--- Extracted records ---

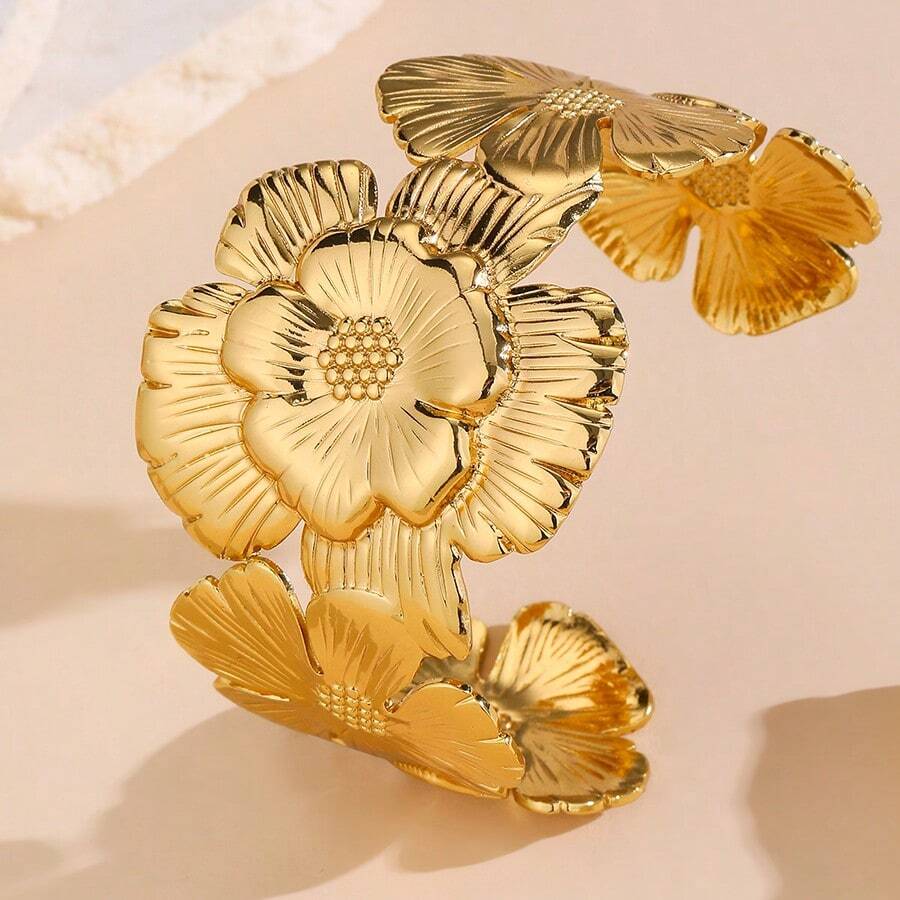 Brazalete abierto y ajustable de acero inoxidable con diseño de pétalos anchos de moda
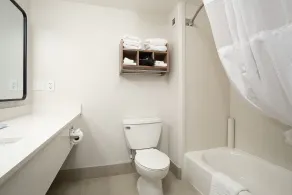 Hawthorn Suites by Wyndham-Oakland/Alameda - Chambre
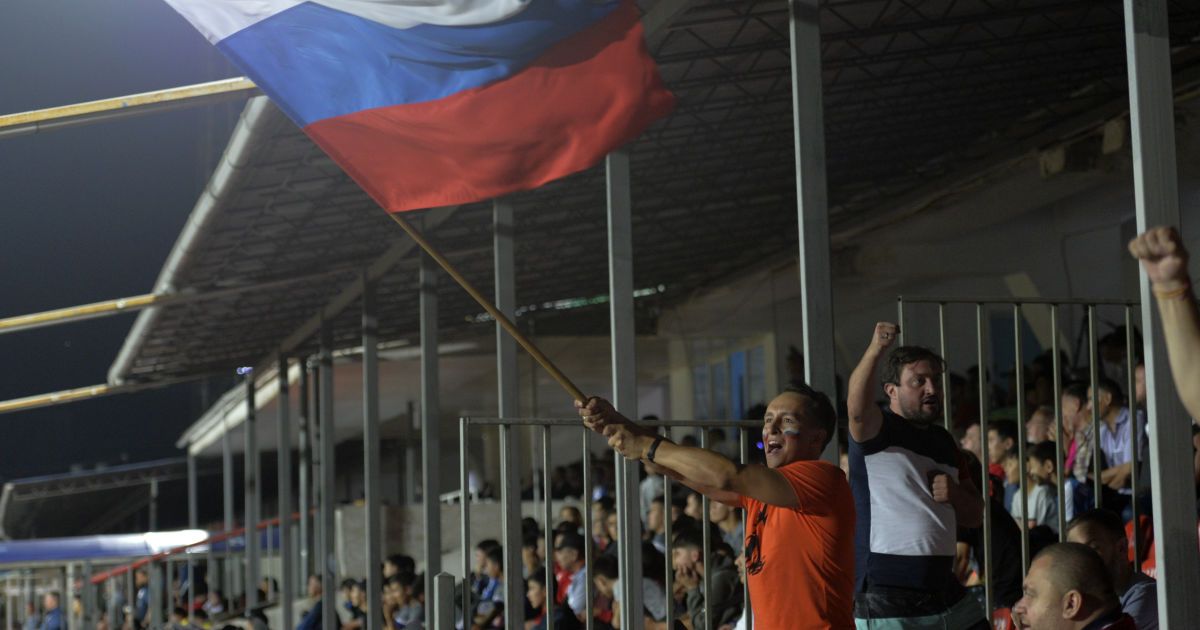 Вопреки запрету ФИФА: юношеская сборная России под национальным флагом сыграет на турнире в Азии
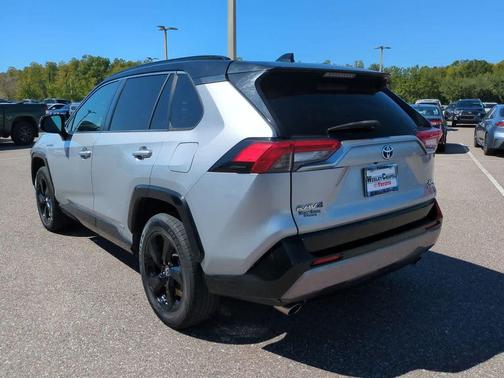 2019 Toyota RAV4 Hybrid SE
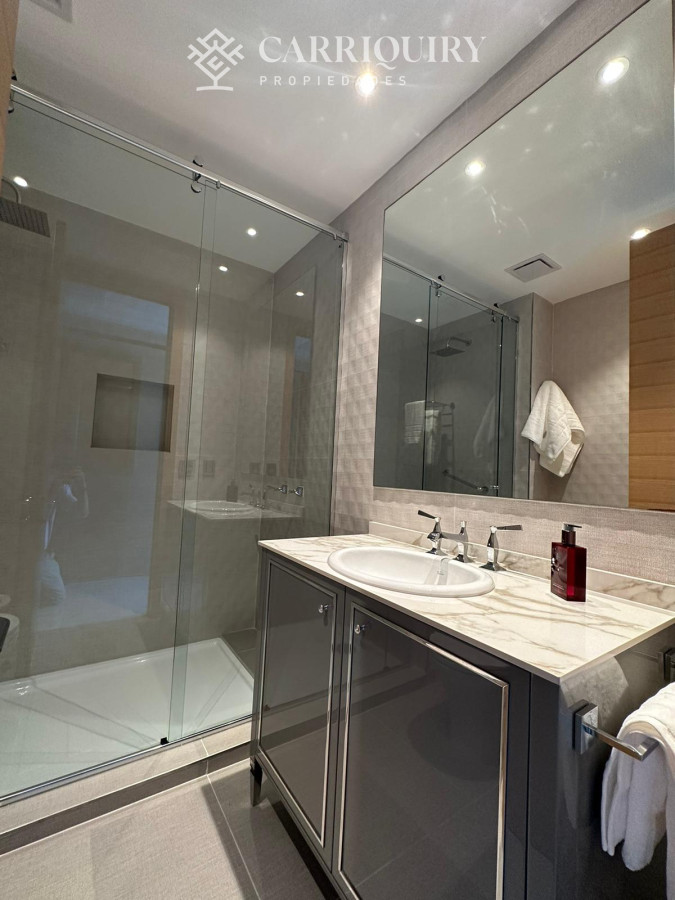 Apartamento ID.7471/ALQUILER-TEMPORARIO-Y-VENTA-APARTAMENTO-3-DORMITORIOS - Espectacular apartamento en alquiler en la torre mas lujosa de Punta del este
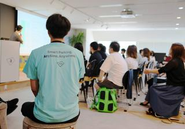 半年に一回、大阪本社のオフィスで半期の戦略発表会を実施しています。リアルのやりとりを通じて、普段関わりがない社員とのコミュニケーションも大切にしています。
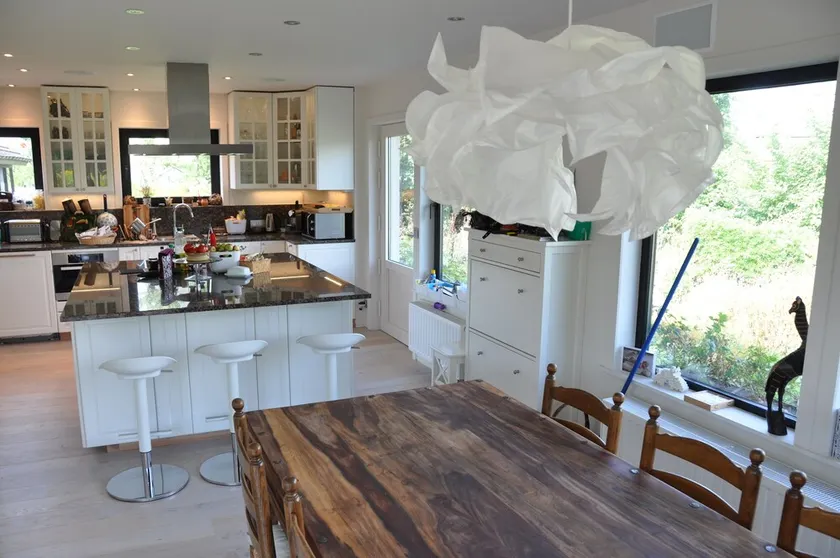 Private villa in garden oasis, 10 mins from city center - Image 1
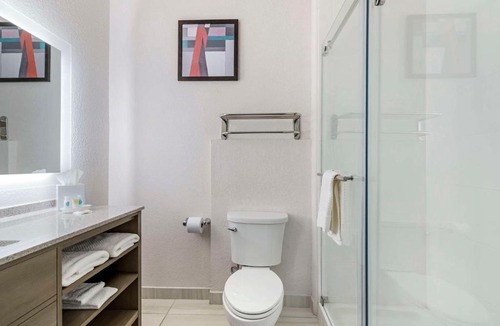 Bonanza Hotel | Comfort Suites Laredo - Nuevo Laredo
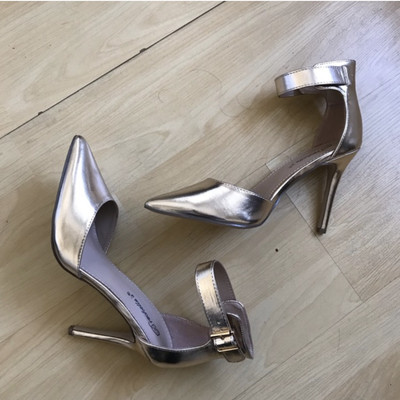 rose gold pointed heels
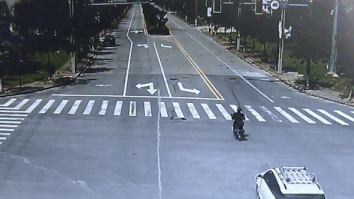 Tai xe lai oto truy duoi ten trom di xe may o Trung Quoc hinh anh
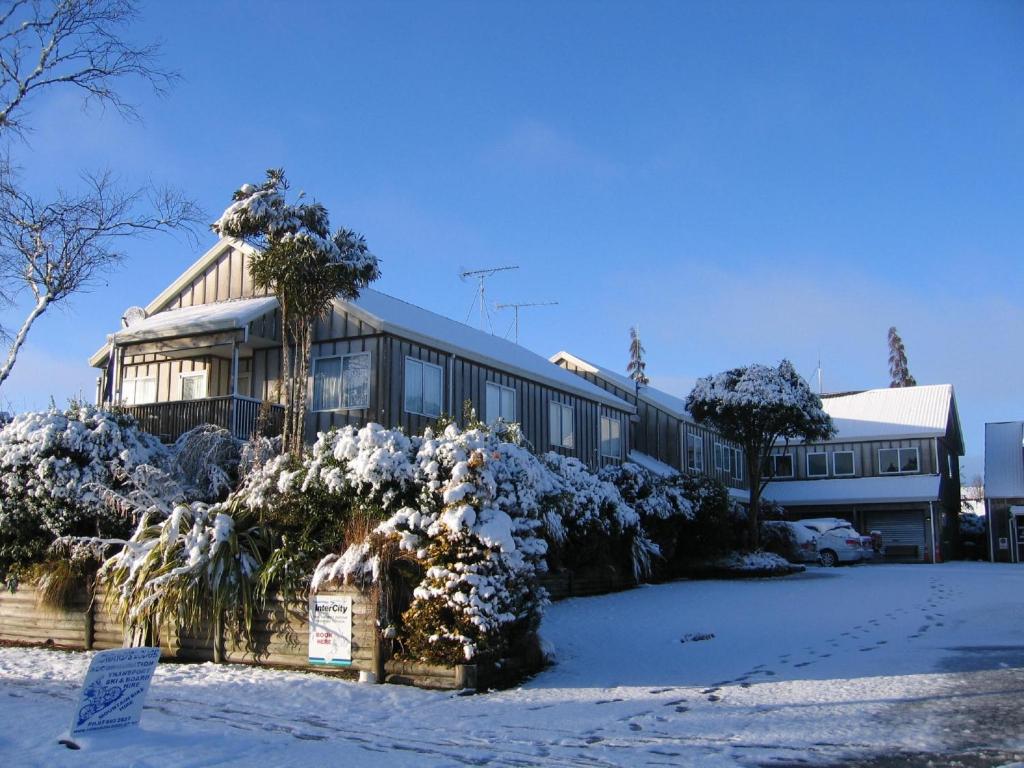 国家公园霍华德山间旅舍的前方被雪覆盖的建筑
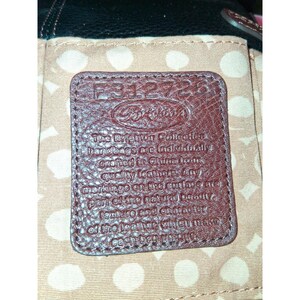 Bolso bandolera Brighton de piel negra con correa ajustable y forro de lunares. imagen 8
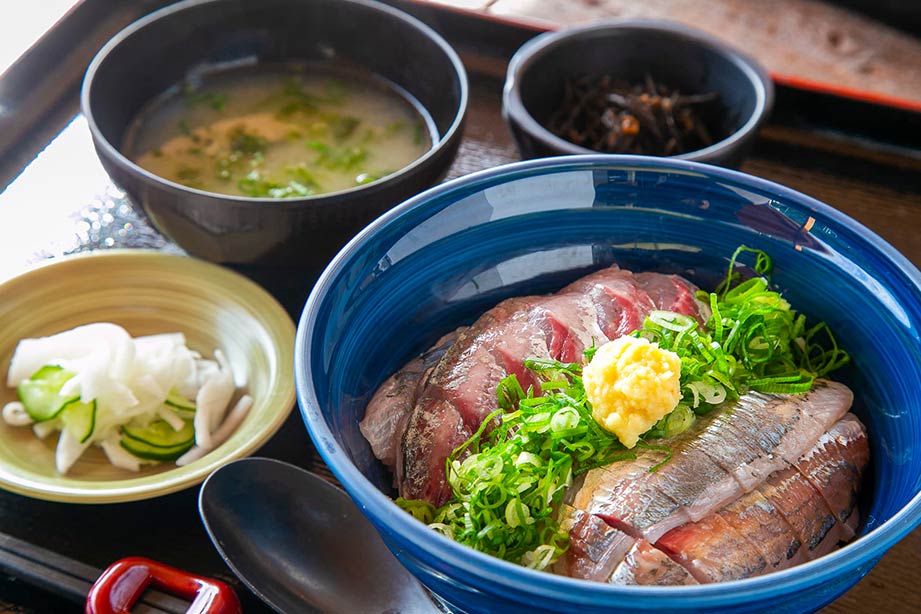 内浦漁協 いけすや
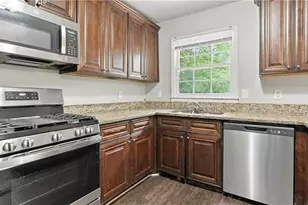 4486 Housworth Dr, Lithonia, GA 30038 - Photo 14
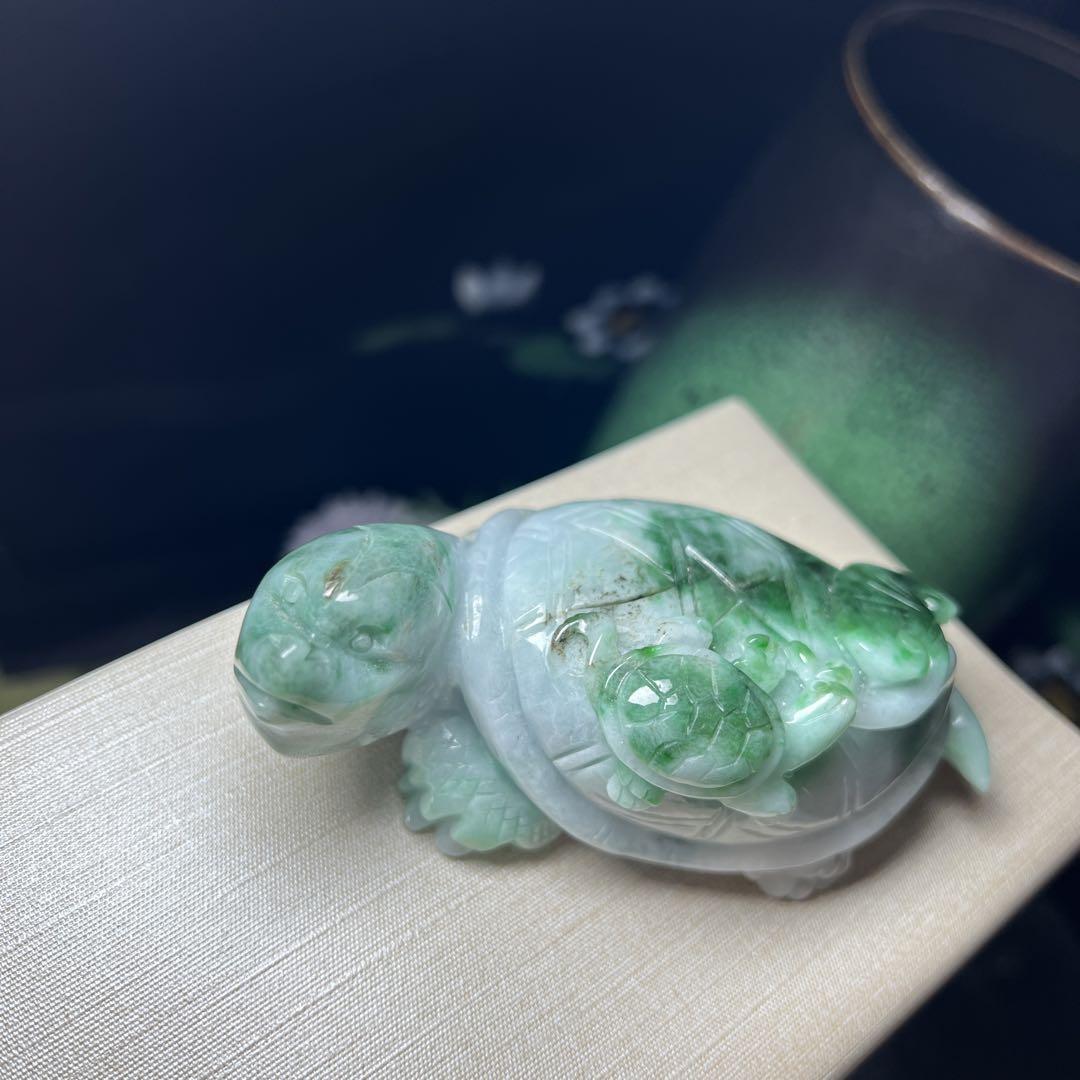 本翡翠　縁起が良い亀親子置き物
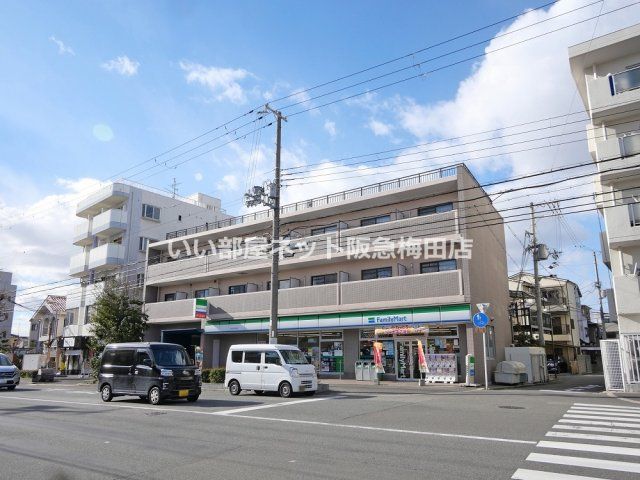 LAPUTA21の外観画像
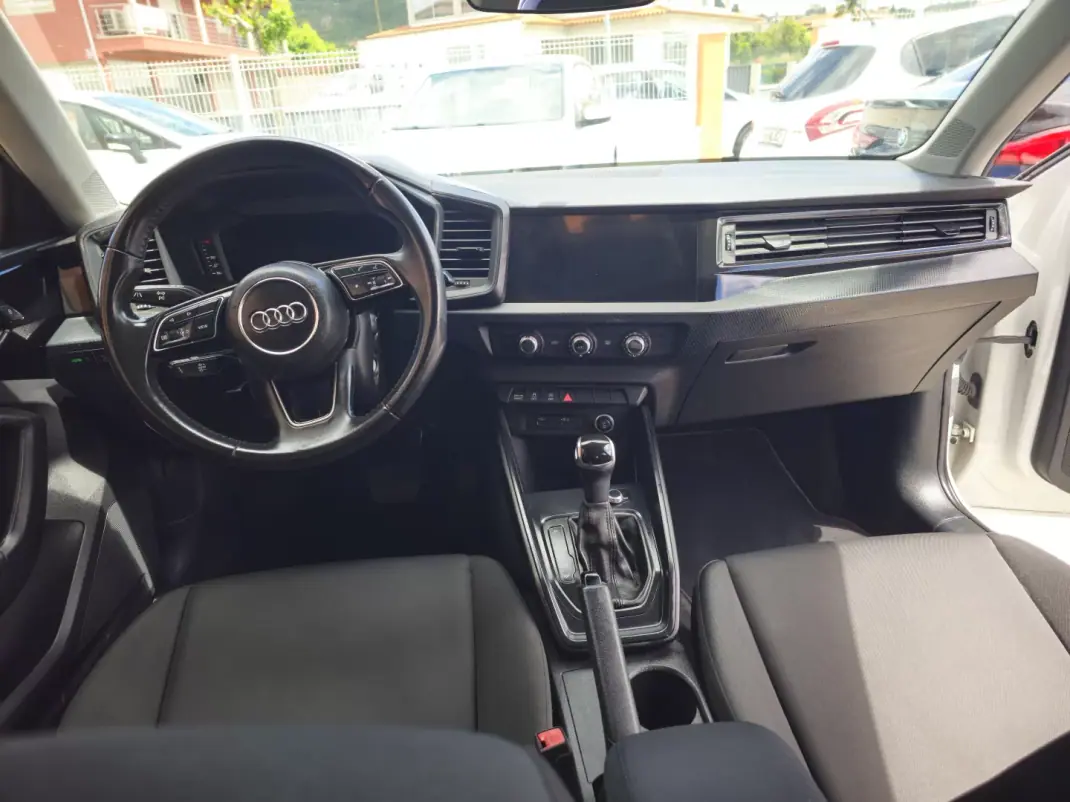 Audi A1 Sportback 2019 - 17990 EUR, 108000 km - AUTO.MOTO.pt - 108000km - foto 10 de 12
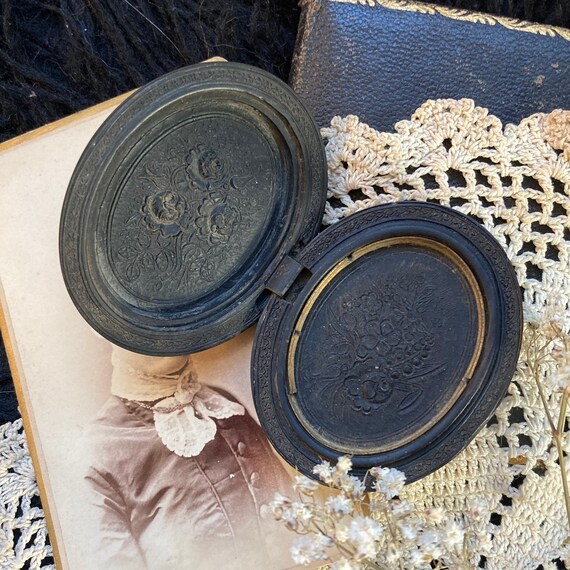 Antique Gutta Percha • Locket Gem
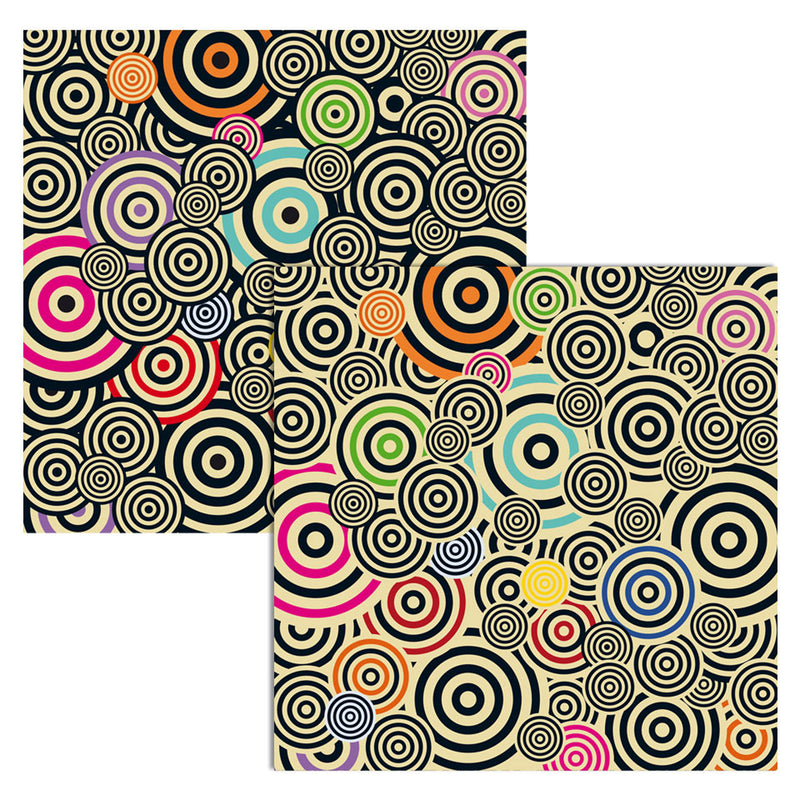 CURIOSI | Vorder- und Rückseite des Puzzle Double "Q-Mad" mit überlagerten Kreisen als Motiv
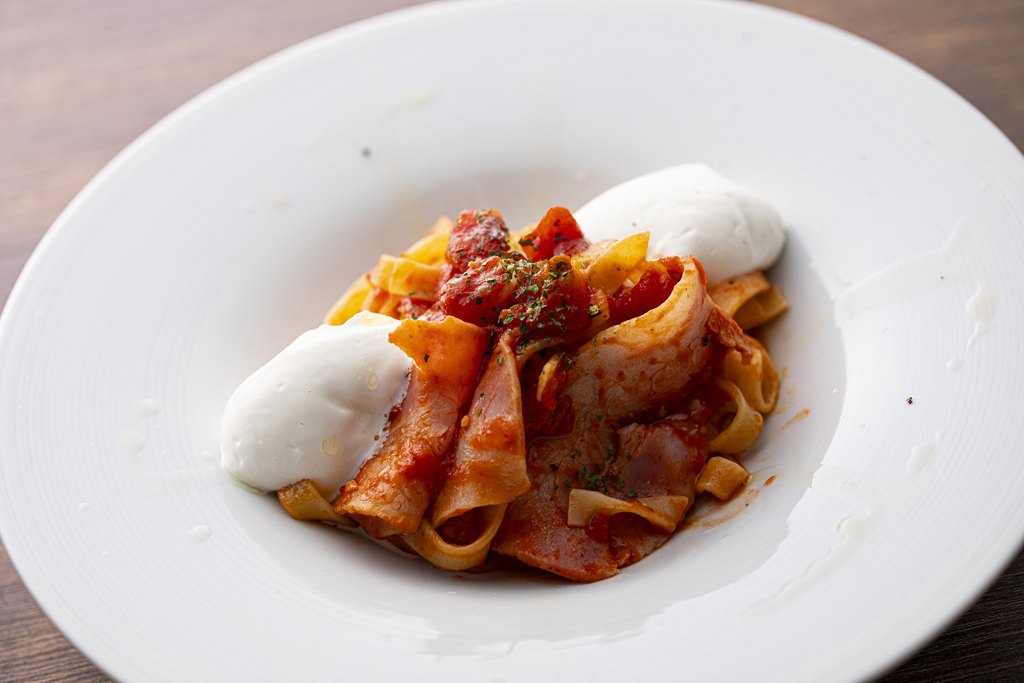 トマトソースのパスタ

--- What you are asked to do ---
Leave out all pictures and extract exactly the lines from the line with "Audi A1 Sportback" through the end of the material.

--- Reply ---
 Audi A1 Sportback 2019 - 17990 EUR, 108000 km - AUTO.MOTO.pt - 108000km - foto 10 de 12
 Antique Gutta Percha • Locket Gem
 CURIOSI | Vorder- und Rückseite des Puzzle Double "Q-Mad" mit überlagerten Kreisen als Motiv
 トマトソースのパスタ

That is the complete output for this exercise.